Não é que a gente não o veja, se bem que em algum caso muito
específico possa chegar a isso. É que a gente não o enxerga a ponto de poder
reconhecê-lo de cara limpa. Os atores que interpretam papéis como o de Freddy
Kruger em A Hora do Pesadelo ou o de Jason em Sexta Feira 13 têm as caras
dos seus personagens. Sempre que vi a foto desses atores, seus rostos se
diluíram em redundância e anonimato. Nem sei como se chamam; para mim são vidas
humanas destinadas a animar arquétipos malignos.
Lembrei agora de Darth Vader, um daqueles vilões cujos rosto
nunca vimos, a não ser em alguns segundos de um terrível clímax. Pouca gente
sabe que o ator que emprestou voz e movimentos a Lord Vader é aquele mesmo
coadjuvante marombado que, em Laranja Mecânica de Kubrick, empurra a cadeira
de rodas do escritor inválido, Patrick McGee, depois deste ser espancado pela
gang de Alex. O nome dele está perto e longe, a dois cliques de distância.
Trabalhou em dois grandes sucessos do século, e a maioria das pessoas não sabe
que o viu duas vezes.
Jason e Vader não se revelam porque usam máscaras, mas
alguns efeitos são ainda mais radicais. Quem é aquele ator que faz o Gollum de O Senhor dos Anéis, de Peter Jackson? Não faço idéia, embora tenha lido
extensas matérias descrevendo as trucagens utilizadas para dar movimento ao
personagem. O ator ganha ingressos para a première do filme, e tudo o mais, mas
não sei se os moleques dele são capazes de apontar: “Lá está papai!”.

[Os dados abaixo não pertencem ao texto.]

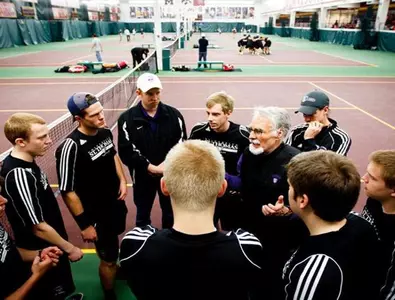Men's Tennis ends season with 5-4 loss Image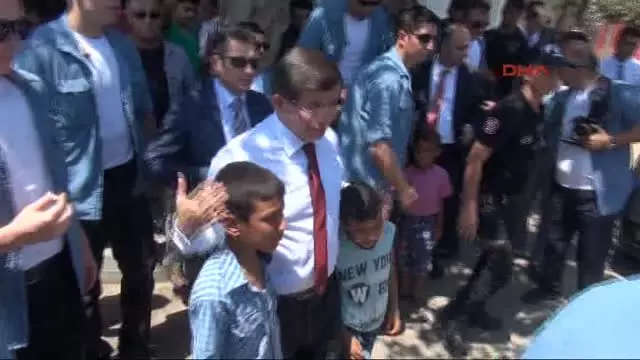 Kilis Başbakan Davutoğlu ve Genelkurmay Başkanı Özel, Suriye Sınırında 1-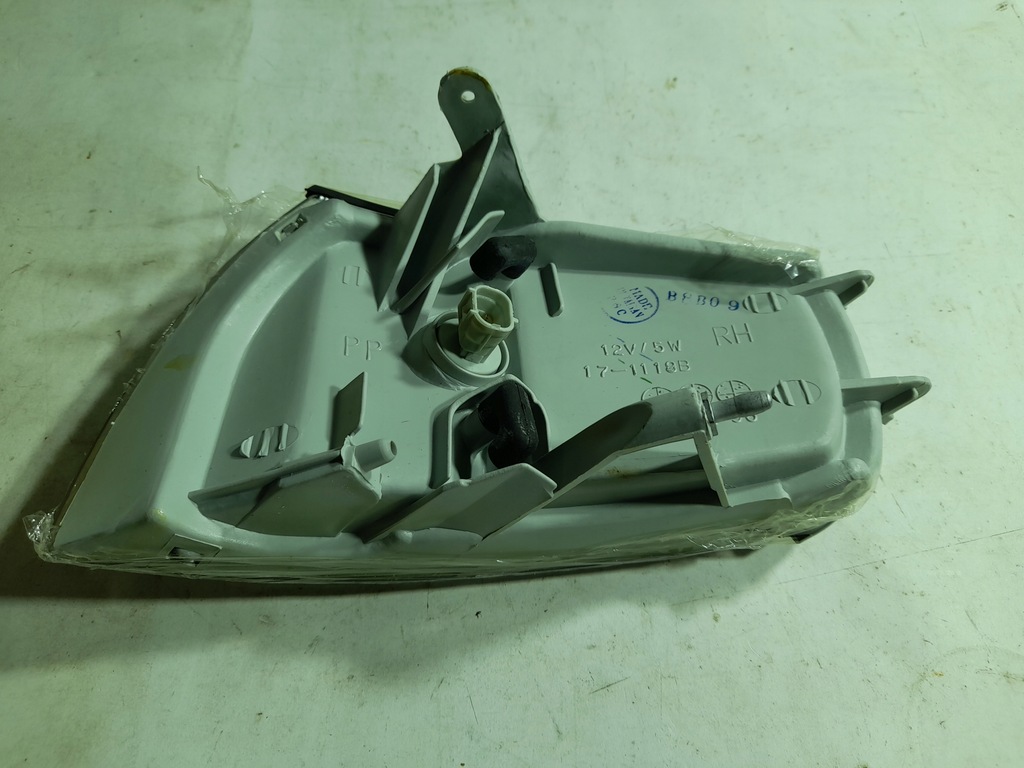 фото №6, Toyota camry правое свет угловые 171138002 93-95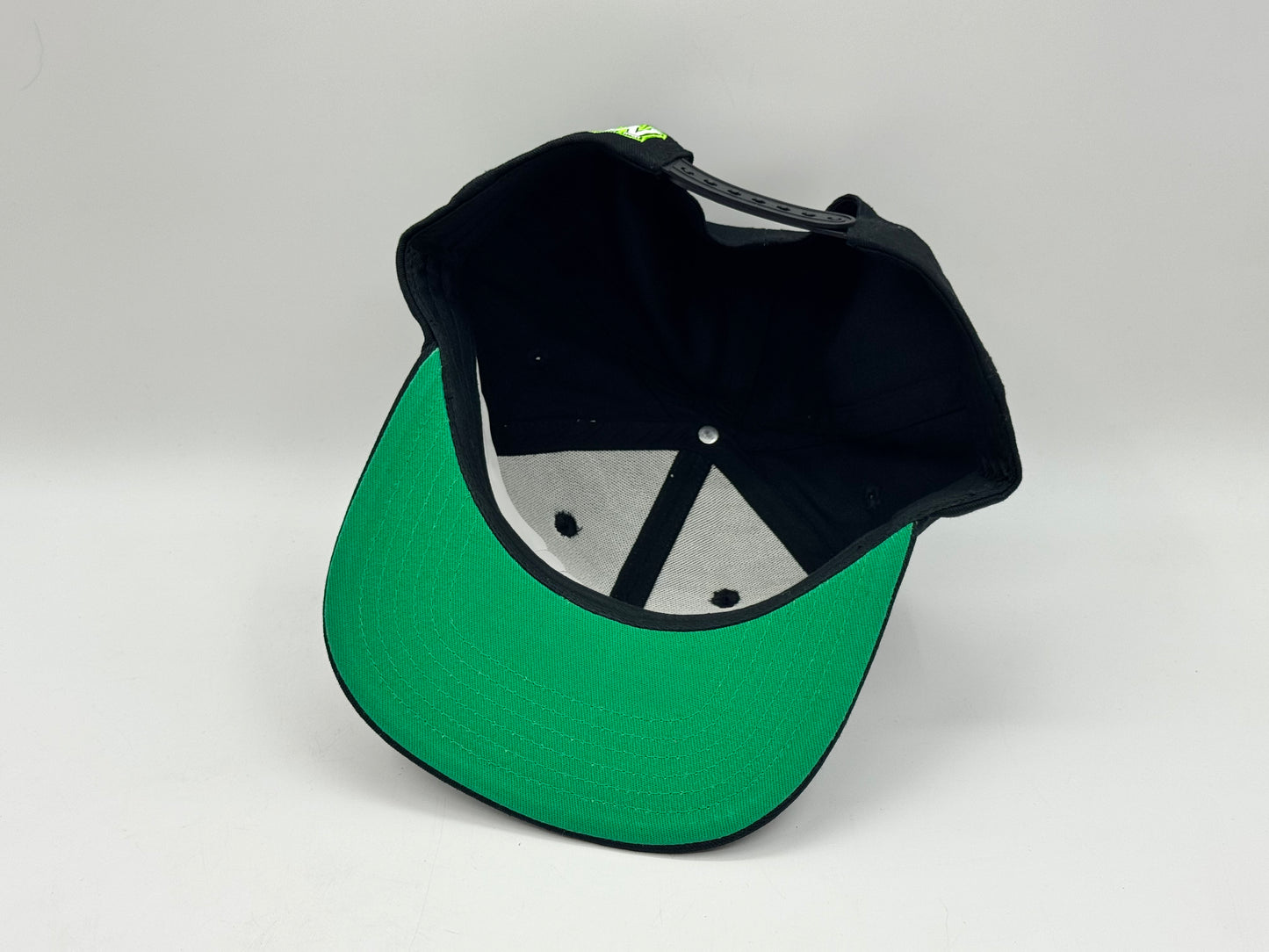 “Already Know” Snapback Cap – Black / Green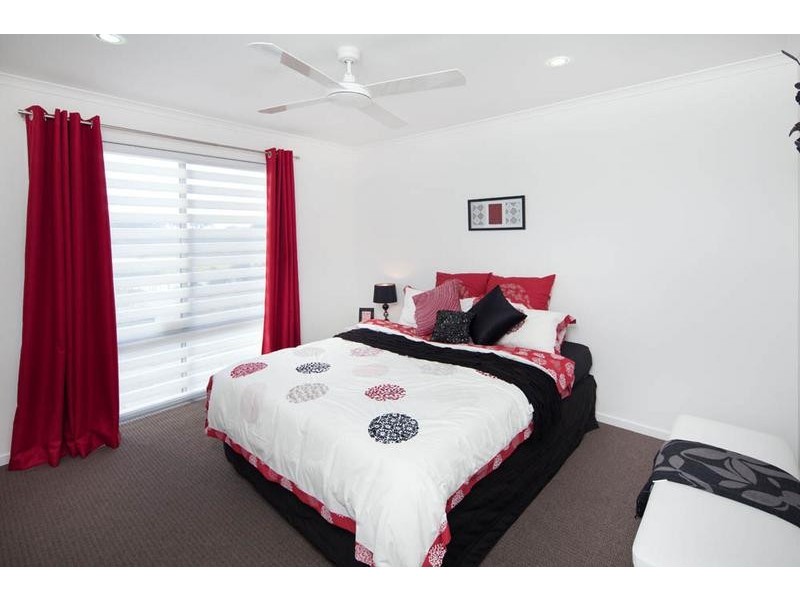 200 The Avenue, Peregian Springs QLD 4573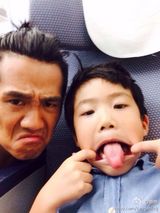 组图：奶爸萌娃再出发 吴镇宇对嘴喂儿子饼干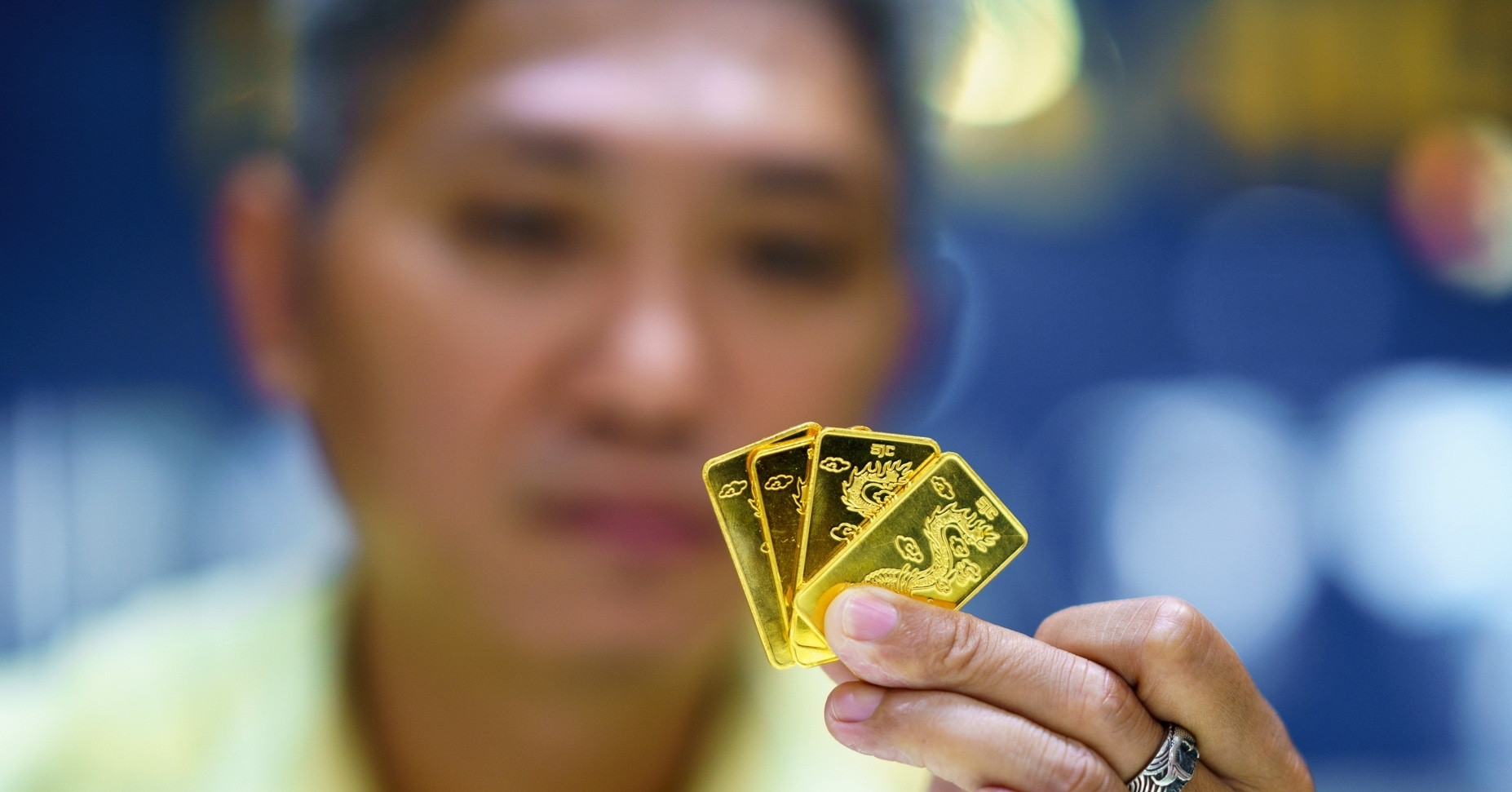 Read more about the article Vàng bứt phá nhờ Trung Đông, dự báo giá vàng sắp tới ra sao?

Quando vi pela primeira vez O Homem Elefante de David
Lynch eu já tinha visto alguns filmes com John Hurt, ator de quem sempre
gostei. Ninguém faz melhor do que ele o papel de um underdog, um escorraçado,
um cagado-da-coruja, um cara cuja razão de vir ao mundo é passar por algo
terrível: ele é o Winston do 1984 de Michael Radford, é o cientista em cujo
peito explode o Alien em O 8o. Passageiro. Não o reconheci como o
homem elefante do título por causa do bolo-de-noiva de maquilagem que foi
obrigado a receber. Por mim, qualquer outro ator teria produzido o mesmo
resultado. (Sim sei que não; mas sentimos a ausência de um rosto.)